[Description of the task]
With pictures left out, only the lines from the one containing "侘寂风休闲沙发椅子、边几" through the end of the records should be reproduced exactly, please.

===== Input material

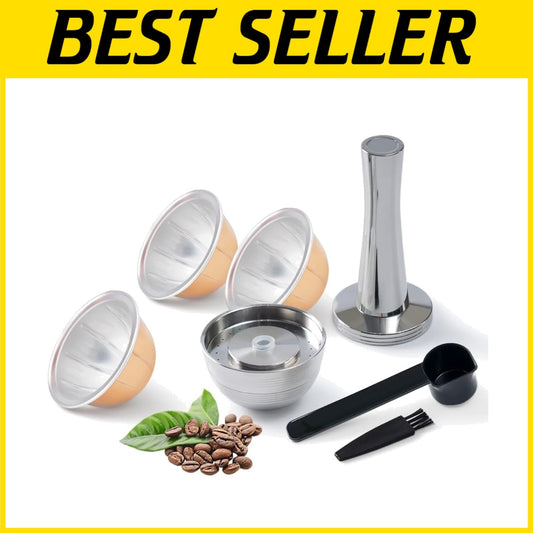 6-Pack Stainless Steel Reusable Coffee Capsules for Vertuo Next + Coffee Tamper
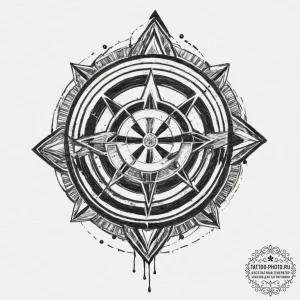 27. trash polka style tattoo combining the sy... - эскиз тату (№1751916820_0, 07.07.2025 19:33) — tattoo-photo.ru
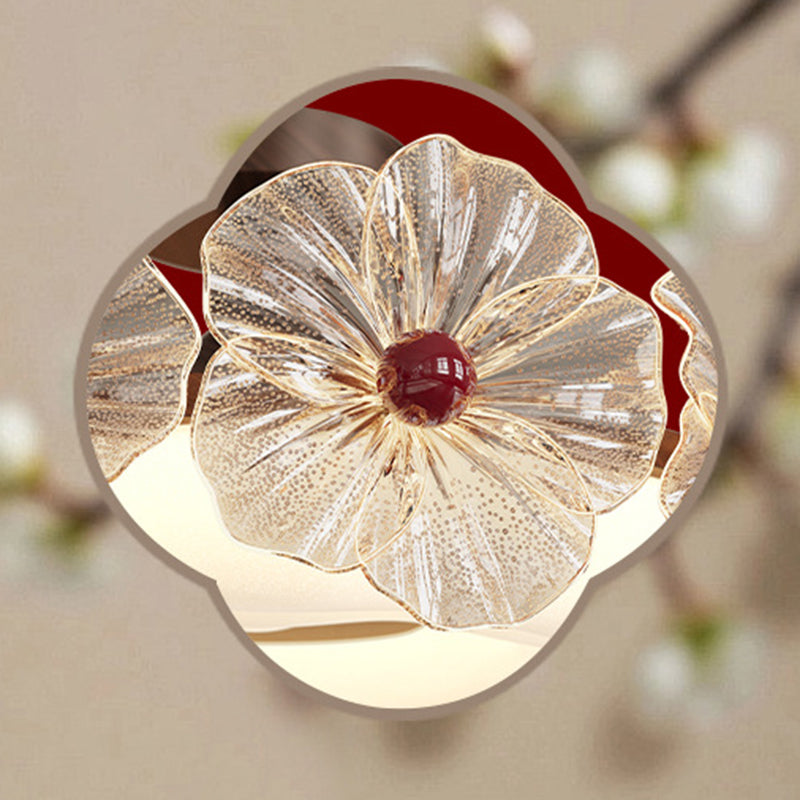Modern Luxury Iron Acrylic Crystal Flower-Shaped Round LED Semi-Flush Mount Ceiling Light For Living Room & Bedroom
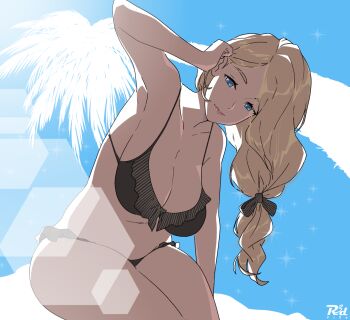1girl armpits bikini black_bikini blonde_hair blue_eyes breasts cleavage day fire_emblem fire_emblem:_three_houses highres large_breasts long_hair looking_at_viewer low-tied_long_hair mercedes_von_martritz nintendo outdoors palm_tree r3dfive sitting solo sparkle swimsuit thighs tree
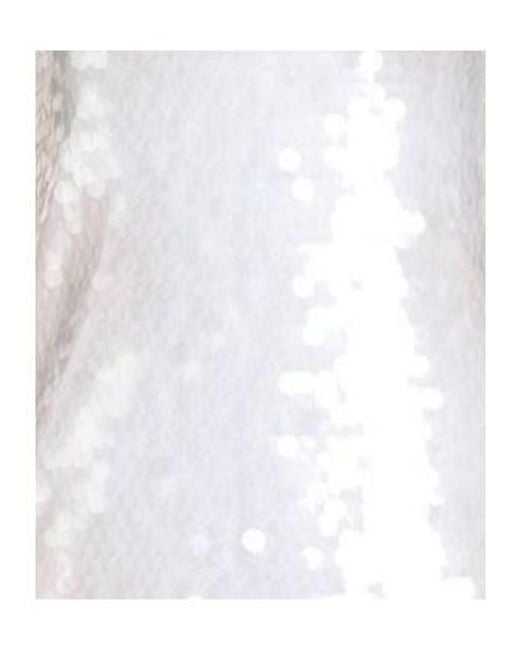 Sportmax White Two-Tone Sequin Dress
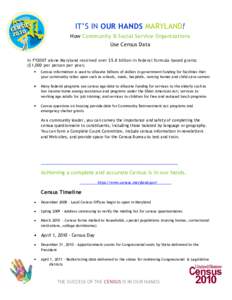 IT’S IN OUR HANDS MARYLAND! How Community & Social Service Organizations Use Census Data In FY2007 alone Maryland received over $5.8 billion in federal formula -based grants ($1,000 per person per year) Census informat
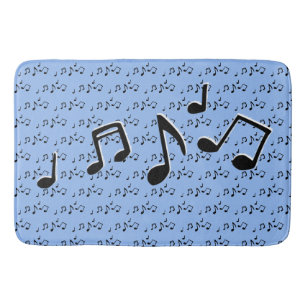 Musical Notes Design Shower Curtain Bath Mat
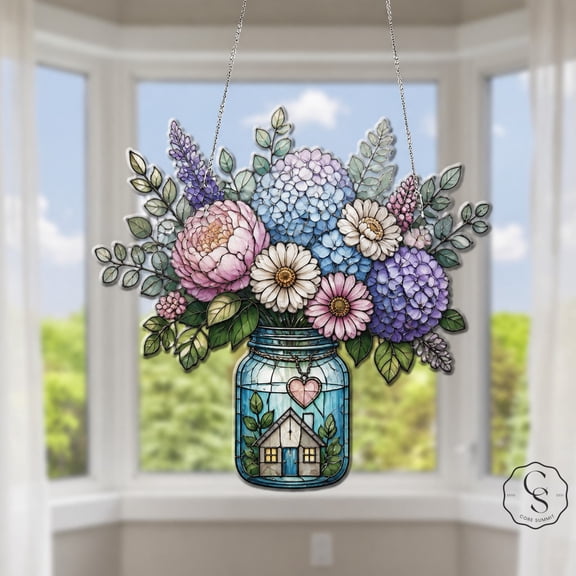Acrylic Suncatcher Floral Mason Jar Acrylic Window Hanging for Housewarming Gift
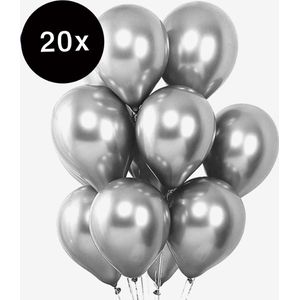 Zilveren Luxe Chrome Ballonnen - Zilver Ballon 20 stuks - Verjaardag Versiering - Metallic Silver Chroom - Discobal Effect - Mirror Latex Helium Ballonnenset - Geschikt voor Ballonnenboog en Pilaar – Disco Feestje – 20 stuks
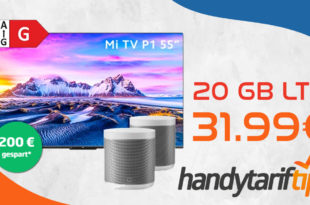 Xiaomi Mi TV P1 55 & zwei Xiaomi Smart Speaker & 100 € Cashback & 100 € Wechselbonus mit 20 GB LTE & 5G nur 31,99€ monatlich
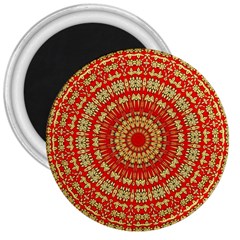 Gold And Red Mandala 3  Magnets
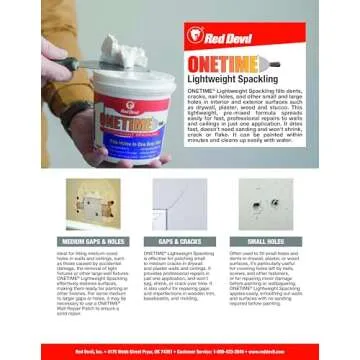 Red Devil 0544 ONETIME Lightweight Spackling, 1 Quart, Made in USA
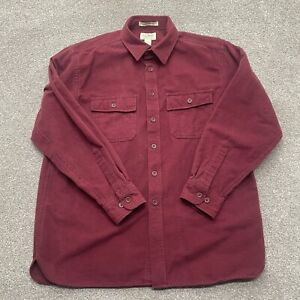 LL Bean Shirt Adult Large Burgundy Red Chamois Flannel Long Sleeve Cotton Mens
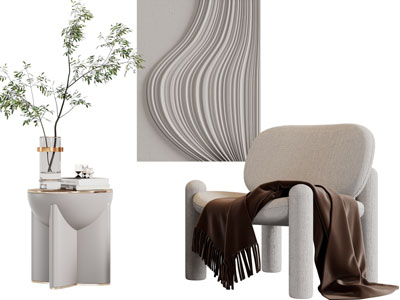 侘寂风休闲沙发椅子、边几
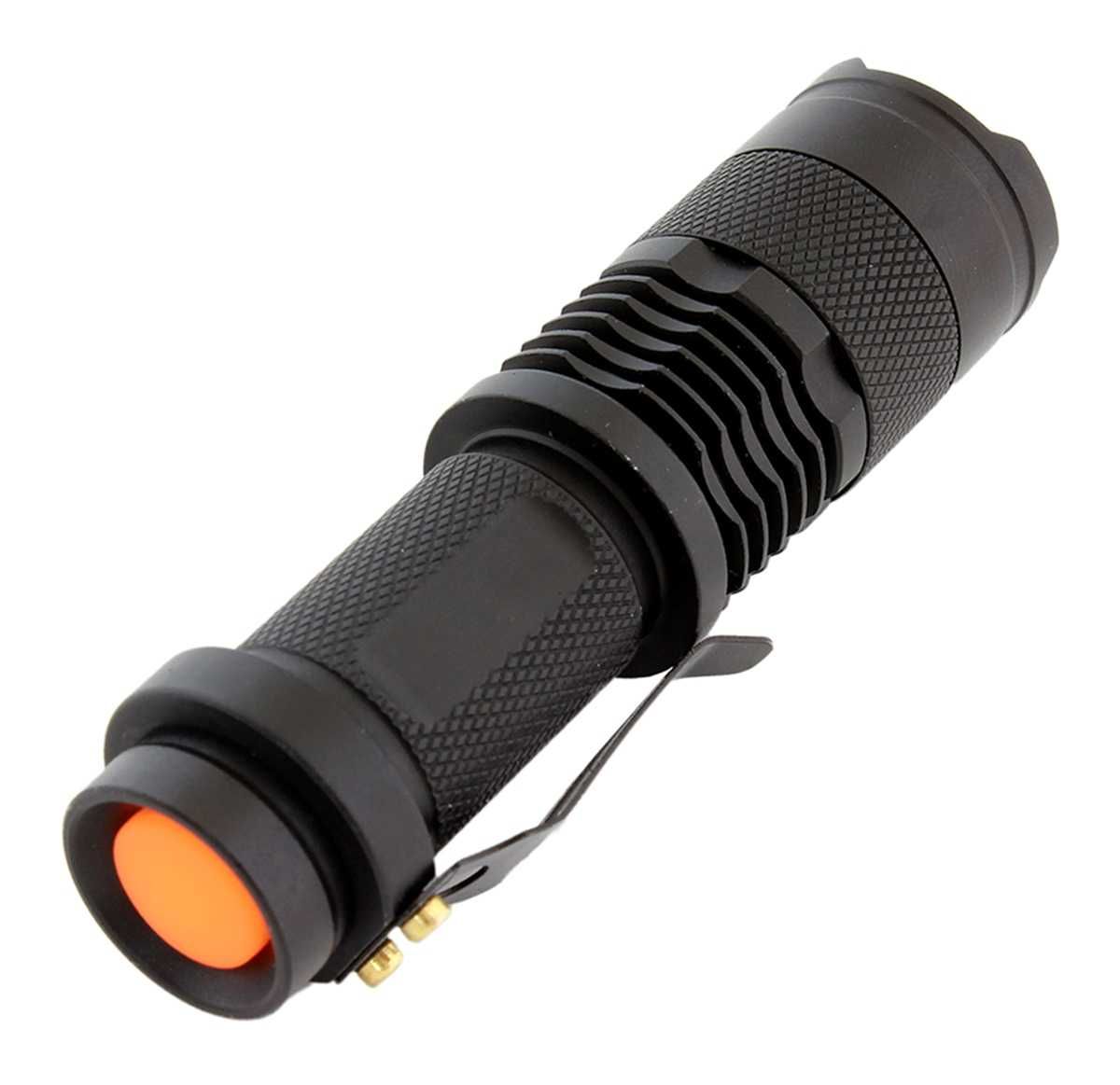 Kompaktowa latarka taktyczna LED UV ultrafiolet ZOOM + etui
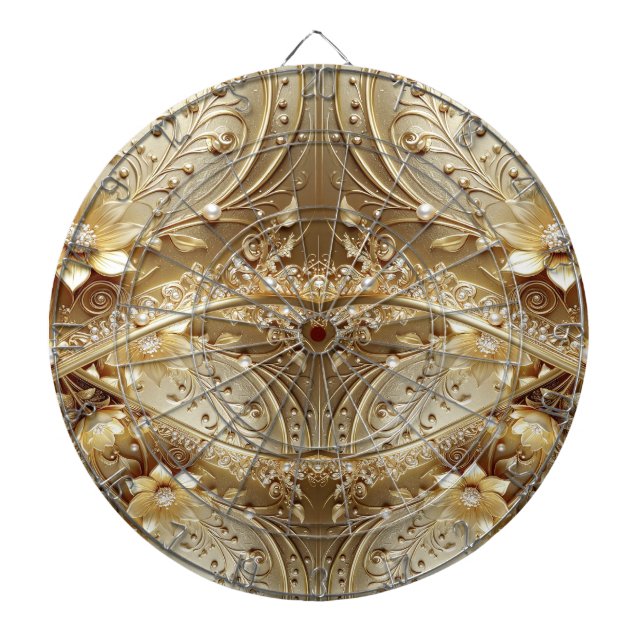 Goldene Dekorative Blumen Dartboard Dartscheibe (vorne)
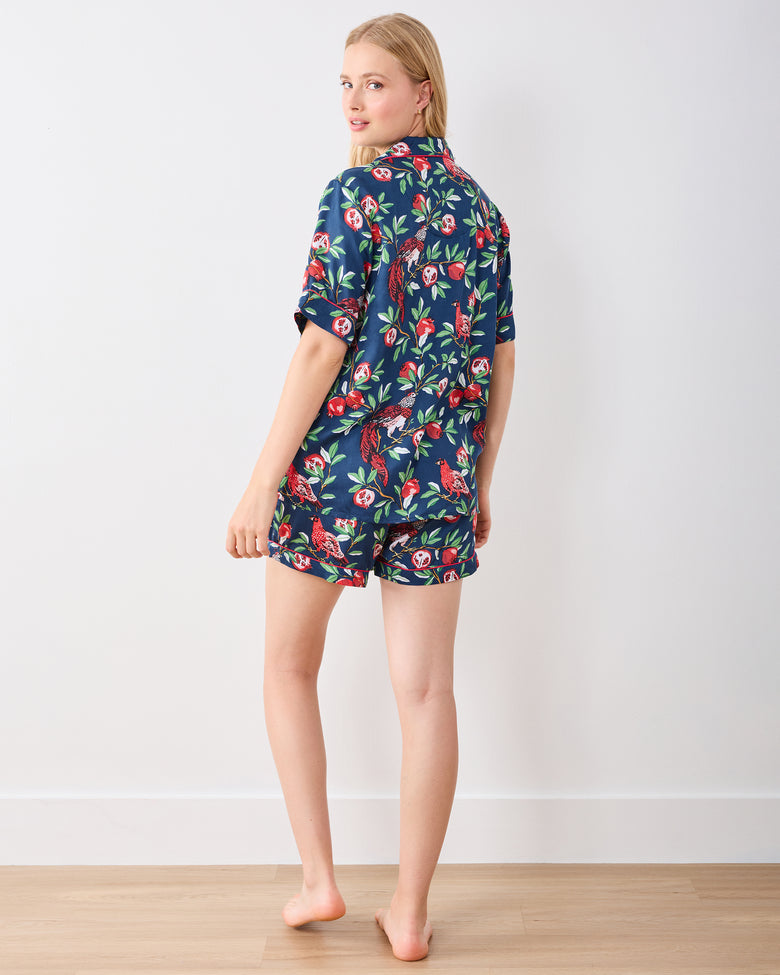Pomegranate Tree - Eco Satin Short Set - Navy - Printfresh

==========

[Response]
 侘寂风休闲沙发椅子、边几
 Kompaktowa latarka taktyczna LED UV ultrafiolet ZOOM + etui
 Goldene Dekorative Blumen Dartboard Dartscheibe (vorne)
Pomegranate Tree - Eco Satin Short Set - Navy - Printfresh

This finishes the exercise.